REQUIRED ACTION
If a line in the records below holds the string "Wall", count it, and state only the final count.

##############################

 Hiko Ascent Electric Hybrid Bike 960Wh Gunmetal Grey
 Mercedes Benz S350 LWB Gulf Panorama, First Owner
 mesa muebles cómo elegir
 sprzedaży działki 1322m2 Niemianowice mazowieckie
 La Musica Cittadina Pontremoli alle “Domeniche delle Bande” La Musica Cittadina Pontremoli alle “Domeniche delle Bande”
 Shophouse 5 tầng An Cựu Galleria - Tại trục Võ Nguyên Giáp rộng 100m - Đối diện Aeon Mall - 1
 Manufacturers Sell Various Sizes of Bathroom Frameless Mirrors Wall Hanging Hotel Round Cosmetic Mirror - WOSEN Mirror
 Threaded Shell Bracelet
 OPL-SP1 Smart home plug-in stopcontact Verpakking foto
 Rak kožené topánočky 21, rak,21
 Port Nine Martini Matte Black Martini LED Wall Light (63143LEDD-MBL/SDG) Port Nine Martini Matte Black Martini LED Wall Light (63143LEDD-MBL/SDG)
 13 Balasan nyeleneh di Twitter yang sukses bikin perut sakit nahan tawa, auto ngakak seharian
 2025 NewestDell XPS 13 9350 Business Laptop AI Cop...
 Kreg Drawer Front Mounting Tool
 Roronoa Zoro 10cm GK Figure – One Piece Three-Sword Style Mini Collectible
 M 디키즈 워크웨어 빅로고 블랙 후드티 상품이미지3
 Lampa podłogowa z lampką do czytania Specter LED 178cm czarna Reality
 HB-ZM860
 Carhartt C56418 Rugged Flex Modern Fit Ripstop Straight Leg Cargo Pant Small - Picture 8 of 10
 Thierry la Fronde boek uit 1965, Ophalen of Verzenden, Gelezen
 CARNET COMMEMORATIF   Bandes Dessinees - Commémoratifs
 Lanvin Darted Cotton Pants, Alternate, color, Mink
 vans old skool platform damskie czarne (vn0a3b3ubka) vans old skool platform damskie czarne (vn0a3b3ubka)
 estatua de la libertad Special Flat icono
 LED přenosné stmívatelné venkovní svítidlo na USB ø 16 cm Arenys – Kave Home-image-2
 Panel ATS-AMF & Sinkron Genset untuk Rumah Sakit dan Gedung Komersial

##############################

ANSWER FOR THIS EXERCISE
2